Tag Archives: TBI

What Happens To Your Average Subarachnoid Hemorrhage?

Management of traumatic brain injury (TBI) is a common issue faced by trauma professionals. And isolated subarachnoid hemorrhage (SAH) is one of the more common presentations. In many centers, this diagnosis frequently results in admission to the hospital, neurosurgical consultation, and repeat imaging.

Is this too much care? We adopted a practice guideline nearly two years ago based on our own clinical experience that eliminated the last two. Patients were still admitted for neurologic monitoring for 16 hours. But is even this too much?

What we really need is a better understanding of the natural history of uncomplicated traumatic SAH. Well, a study from Sunnybrook and the University of Toronto does just that. They performed a 17 year meta-analysis of the literature on isolated SAH with mild TBI (GCS 13-15). They pared their initial literature search of nearly 2900 studies down to the usual few, 13 in this case. All but one were retrospective, of course, and they had the usual design flaws.

Here are the factoids:

  • How many patients eventually needed neurosurgical intervention?  0 (Well, almost zero.

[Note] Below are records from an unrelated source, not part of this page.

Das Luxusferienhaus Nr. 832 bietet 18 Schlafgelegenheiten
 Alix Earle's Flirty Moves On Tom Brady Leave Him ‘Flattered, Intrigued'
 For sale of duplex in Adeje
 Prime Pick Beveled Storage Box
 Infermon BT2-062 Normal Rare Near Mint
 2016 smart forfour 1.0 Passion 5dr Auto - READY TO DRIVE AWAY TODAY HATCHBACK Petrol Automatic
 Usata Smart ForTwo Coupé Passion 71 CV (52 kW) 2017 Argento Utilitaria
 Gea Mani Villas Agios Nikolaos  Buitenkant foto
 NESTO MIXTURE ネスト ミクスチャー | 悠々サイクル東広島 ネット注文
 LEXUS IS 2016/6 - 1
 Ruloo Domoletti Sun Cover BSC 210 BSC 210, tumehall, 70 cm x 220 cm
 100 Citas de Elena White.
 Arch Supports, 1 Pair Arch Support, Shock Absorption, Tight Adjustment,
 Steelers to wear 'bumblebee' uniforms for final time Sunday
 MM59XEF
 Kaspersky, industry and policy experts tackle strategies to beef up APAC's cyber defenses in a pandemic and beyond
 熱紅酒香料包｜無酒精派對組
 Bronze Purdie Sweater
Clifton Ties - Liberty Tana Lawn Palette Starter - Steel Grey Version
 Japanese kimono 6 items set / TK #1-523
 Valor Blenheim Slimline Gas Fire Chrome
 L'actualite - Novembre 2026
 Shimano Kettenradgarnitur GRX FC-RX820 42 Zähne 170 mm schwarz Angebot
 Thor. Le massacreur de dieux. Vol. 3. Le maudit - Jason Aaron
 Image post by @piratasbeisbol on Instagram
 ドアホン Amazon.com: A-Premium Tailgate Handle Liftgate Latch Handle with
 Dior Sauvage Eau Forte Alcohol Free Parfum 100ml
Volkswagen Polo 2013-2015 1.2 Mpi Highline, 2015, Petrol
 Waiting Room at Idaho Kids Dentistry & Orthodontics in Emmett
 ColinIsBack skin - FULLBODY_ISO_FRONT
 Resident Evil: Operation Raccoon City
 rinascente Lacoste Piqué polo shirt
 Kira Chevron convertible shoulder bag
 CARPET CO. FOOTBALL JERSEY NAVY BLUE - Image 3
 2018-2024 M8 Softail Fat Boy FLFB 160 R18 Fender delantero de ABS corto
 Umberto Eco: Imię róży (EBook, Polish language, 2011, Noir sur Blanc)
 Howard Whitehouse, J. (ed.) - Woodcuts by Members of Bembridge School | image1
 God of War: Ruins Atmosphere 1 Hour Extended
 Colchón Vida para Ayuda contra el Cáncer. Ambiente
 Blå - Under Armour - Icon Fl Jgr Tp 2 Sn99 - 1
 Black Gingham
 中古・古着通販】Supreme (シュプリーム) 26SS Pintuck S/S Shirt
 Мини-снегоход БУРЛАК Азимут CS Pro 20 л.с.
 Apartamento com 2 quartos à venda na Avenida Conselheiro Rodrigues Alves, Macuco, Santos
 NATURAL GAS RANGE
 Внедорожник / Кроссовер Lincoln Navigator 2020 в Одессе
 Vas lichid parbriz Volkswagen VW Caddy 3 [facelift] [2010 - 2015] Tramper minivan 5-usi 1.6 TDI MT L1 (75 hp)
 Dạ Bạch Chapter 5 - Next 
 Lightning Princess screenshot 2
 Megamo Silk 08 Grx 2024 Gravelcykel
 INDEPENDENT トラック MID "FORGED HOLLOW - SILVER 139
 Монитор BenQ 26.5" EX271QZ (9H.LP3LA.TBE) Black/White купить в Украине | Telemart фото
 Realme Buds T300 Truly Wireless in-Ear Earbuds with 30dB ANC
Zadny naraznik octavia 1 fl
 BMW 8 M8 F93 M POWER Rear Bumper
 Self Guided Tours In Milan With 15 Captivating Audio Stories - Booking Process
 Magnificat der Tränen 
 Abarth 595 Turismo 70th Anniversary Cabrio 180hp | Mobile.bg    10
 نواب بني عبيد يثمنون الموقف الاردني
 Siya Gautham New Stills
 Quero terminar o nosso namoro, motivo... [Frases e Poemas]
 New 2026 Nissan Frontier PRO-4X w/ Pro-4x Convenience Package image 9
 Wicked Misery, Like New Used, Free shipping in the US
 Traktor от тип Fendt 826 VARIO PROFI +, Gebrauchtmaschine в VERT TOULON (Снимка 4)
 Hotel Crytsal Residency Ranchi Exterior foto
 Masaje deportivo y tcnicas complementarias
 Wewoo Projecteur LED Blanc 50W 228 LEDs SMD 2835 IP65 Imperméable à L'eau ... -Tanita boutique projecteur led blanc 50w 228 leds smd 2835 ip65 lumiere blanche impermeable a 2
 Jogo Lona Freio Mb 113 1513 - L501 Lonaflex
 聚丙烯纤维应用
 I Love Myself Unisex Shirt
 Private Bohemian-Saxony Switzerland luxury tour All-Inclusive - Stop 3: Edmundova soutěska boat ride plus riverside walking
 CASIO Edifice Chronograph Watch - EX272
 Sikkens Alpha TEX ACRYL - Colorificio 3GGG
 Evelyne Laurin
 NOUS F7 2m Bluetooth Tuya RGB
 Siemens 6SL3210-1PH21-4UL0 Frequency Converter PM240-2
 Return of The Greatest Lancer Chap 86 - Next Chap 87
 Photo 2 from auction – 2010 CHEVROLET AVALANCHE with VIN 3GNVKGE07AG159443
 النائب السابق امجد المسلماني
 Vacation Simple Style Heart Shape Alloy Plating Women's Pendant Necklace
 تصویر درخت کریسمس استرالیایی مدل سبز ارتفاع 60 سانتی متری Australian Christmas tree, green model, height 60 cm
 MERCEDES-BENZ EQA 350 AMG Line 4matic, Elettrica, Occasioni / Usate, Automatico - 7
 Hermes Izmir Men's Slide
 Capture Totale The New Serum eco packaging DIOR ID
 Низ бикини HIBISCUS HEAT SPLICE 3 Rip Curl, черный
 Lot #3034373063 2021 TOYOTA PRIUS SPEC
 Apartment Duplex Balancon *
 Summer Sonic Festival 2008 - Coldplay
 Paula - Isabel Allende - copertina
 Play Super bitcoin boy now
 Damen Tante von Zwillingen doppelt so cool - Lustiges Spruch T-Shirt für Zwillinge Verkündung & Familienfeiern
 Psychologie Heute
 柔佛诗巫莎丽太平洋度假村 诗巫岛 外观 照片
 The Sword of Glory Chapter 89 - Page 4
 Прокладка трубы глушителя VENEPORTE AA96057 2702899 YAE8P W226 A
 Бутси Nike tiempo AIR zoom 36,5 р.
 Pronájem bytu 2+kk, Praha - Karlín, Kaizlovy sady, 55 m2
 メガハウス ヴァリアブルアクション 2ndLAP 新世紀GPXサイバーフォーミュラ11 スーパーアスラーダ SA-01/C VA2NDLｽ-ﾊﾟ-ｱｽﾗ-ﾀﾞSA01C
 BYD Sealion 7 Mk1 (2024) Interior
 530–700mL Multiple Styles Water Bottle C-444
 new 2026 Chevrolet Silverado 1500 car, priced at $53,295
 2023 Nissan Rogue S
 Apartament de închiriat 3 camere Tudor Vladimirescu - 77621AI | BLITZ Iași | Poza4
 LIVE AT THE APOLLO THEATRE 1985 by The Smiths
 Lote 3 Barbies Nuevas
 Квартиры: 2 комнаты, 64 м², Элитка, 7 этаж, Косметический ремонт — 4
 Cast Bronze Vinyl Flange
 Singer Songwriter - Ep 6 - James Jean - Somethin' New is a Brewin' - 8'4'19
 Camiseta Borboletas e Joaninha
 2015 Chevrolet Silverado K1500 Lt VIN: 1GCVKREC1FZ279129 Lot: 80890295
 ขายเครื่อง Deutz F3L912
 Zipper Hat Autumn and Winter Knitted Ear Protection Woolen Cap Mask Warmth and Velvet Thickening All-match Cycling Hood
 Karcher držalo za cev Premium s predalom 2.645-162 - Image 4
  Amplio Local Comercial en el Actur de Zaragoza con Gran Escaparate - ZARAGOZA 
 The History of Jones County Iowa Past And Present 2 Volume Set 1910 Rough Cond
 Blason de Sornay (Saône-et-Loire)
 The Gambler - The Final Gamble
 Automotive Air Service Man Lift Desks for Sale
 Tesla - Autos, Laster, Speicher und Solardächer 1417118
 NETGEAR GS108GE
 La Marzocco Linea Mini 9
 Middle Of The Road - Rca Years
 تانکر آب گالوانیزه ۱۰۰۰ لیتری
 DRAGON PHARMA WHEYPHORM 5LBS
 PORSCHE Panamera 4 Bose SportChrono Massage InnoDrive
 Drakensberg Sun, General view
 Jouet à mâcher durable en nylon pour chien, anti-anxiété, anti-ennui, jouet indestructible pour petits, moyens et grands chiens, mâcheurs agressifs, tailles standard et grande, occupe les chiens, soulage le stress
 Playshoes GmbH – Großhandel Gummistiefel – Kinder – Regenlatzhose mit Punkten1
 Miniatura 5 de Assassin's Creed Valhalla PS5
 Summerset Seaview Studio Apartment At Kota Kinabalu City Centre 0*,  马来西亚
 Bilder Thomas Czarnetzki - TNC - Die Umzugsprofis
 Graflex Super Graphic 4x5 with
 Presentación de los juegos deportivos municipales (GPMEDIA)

It was 0.0017%, to be exact.)
  • How many had progression of the SAH? About 6%
  • How many had neurologic deterioration? 0.75%, which included two  patients with increased headache and one with some confusion. Two developed intraparenchymal hemorrhage (one was on anticoagulants)
  • How many died? Only 1 died from neurologic causes, and that patient was anticoagulated at the time of injury.

Bottom line: It looks like we may be overdoing it for patients with isolated SAH and mild TBI. The natural history seems to be fairly benign, unless the patient is taking anticoagulants. The type of drug was not specified, so warfarin, aspirin, clopidogrel, and the newer anticoagulants should all be included.

Perhaps it’s time to update the our practice guidelines further. It looks like most of these simple, isolated SAH can be evaluated and released. However, if the GCS is 13 or 14, they should still be admitted for monitoring for a short period. And if on anticoagulants, admission with a repeat CT is in order.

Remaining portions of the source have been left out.